Spectral flatness

Spectral flatness or tonality coefficient,^[1]^[2] also known as Wiener entropy,^[3]^[4] is a measure used in digital signal processing to characterize an audio spectrum. Spectral flatness is typically measured in decibels, and provides a way to quantify how much a sound resembles a pure tone, as opposed to being noise-like.^[2]

Interpretation[edit]

The meaning of tonal in this context is in the sense of the amount of peaks or resonant structure in a power spectrum, as opposed to the flat spectrum of white noise. A high spectral flatness (approaching 1.0 for white noise) indicates that the spectrum has a similar amount of power in all spectral bands — this would sound similar to white noise, and the graph of the spectrum would appear relatively flat and smooth. A low spectral flatness (approaching 0.0 for a pure tone) indicates that the spectral power is concentrated in a relatively small number of bands — this would typically sound like a mixture of sine waves, and the spectrum would appear "spiky".^[5]

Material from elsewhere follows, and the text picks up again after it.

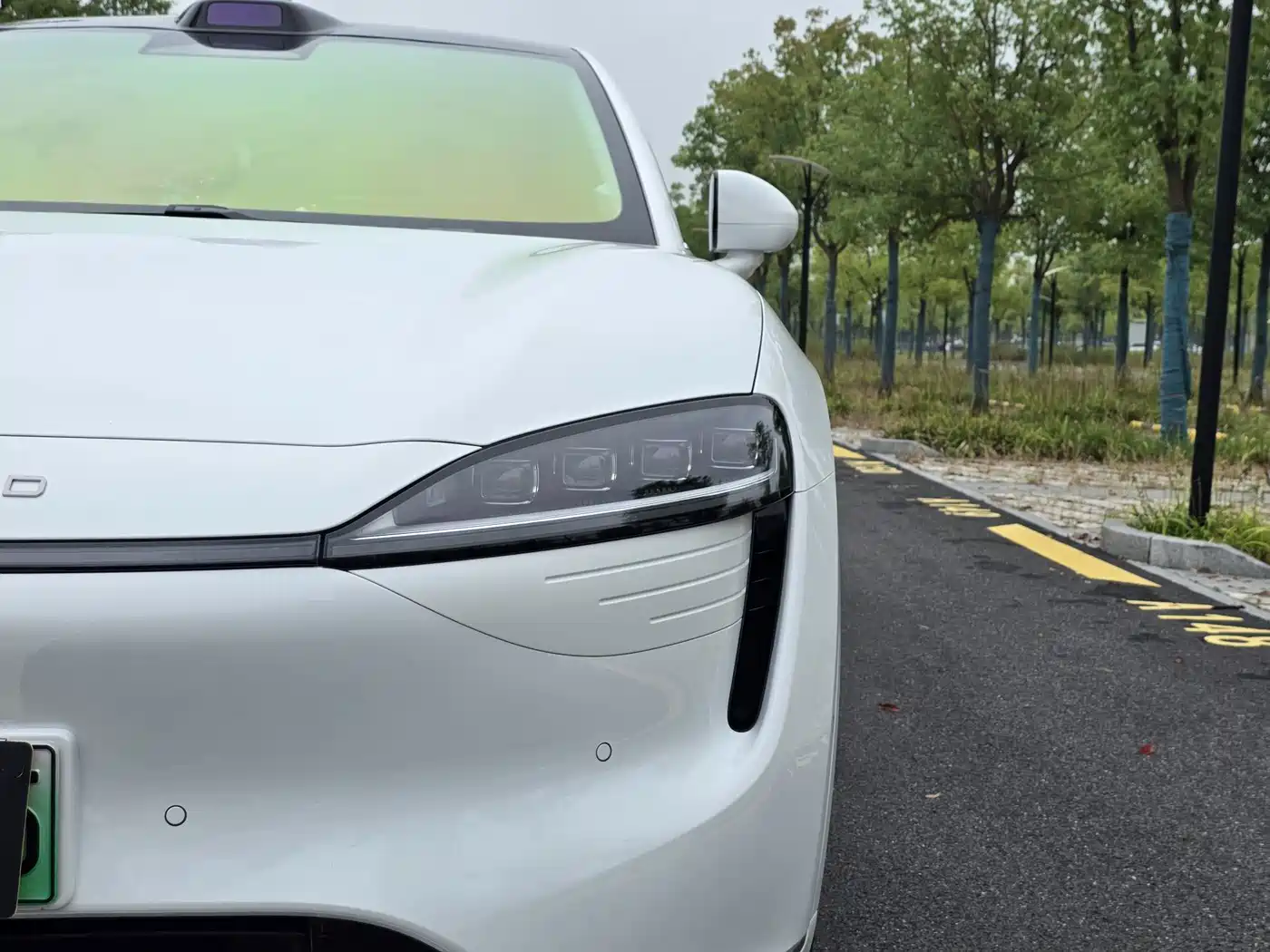 Zhijie Luxeed R7 2025 2024 Pure Electric 802km Max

Dubnov ^[2] has shown that spectral flatness is equivalent to information theoretic concept of mutual information that is known as dual total correlation.

Formulation[edit]

The spectral flatness is calculated by dividing the geometric mean of the power spectrum by the arithmetic mean of the power spectrum, i.e.:

\mathrm {Flatness} ={\frac {\sqrt[{N}]{\prod _{n=0}^{N-1}x(n)}}{\frac {\sum _{n=0}^{N-1}x(n)}{N}}}={\frac {\exp \left({\frac {1}{N}}\sum _{n=0}^{N-1}\ln x(n)\right)}{{\frac {1}{N}}\sum _{n=0}^{N-1}x(n)}}

where x(n) represents the magnitude of bin number n. Note that a single (or more) empty bin yields a flatness of 0, so this measure is most useful when bins are generally not empty.

The ratio produced by this calculation is often converted to a decibel scale for reporting, with a maximum of 0 dB and a minimum of −∞ dB.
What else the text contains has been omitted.